Ao fim e ao cabo — sonhando ou relembrando —, Kepler e Shabtai tentam dizer a mesma coisa: o tempo voa, a realidade é um fluxo nada razoável de aconteceres e a existência só não é totalmente absurda porque, a depender do lugar e do momento em que se esteja, há quase sempre Deus ou — na eventualidade de uma ausência — a Memória.
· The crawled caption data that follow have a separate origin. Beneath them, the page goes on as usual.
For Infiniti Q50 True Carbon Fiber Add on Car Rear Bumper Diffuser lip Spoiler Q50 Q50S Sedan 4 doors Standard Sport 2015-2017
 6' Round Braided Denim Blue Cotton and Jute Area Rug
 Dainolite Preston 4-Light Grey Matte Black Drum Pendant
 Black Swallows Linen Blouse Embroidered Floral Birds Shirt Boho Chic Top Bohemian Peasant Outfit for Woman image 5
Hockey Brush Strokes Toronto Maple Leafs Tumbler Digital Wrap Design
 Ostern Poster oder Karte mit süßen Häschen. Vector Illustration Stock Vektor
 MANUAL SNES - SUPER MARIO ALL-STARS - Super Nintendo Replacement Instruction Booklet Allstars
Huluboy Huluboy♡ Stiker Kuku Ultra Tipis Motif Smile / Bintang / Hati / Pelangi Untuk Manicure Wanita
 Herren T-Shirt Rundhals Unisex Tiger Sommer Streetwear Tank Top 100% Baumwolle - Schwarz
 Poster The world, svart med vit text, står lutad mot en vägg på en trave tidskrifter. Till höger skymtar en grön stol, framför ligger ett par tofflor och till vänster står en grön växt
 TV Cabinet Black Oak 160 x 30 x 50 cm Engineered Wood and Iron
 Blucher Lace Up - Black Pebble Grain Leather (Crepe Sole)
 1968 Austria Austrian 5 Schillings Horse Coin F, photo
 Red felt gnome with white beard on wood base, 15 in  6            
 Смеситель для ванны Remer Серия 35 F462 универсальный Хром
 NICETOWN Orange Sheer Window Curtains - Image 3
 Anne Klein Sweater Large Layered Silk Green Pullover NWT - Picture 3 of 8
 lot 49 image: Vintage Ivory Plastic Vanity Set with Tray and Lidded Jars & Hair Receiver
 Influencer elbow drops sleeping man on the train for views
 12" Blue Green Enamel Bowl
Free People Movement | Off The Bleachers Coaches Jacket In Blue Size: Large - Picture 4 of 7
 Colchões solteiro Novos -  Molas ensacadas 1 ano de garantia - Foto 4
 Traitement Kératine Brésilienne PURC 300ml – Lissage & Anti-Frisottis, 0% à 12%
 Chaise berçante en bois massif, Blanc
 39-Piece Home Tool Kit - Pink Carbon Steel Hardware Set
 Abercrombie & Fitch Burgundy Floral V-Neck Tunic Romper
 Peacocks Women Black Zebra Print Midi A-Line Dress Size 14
Somnium, Johannes Kepler (1571-1630)

O astrônomo e astrólogo Johannes Kepler (1571-1630) começou a escrever este livro entre 1609 e 1610. A publicação definitiva, tal como se conhece hoje, só aconteceu, póstuma, em 1634. Segundo James Diamond, o Somnium começa com uma “história narrada por um narrador em primeira pessoa que conta como pegou no sono”. Durante o sonho, teve a sensação de que estava lendo um livro. “O estranho livro falava das aventuras de viagem de um menino chamado Duracotus”. Desse ponto em diante, Duracotus toma a cena e conta “detalhes da sua última excursão: uma viagem imaginária à lua, ao lado de sua mãe”. A narrativa segue descrevendo a superfície lunar e seus habitantes. Lendo os trechos traduzidos por Goldman, protagonista do Passado contínuo, saberemos que os habitantes da lua “não têm moradia fixa: vagam em bandos durante um dia de horizonte a horizonte (...). O crescimento [dos seres lunares] é rápido e a vida é curta porque cada corpo cresce em dimensões gigantescas”.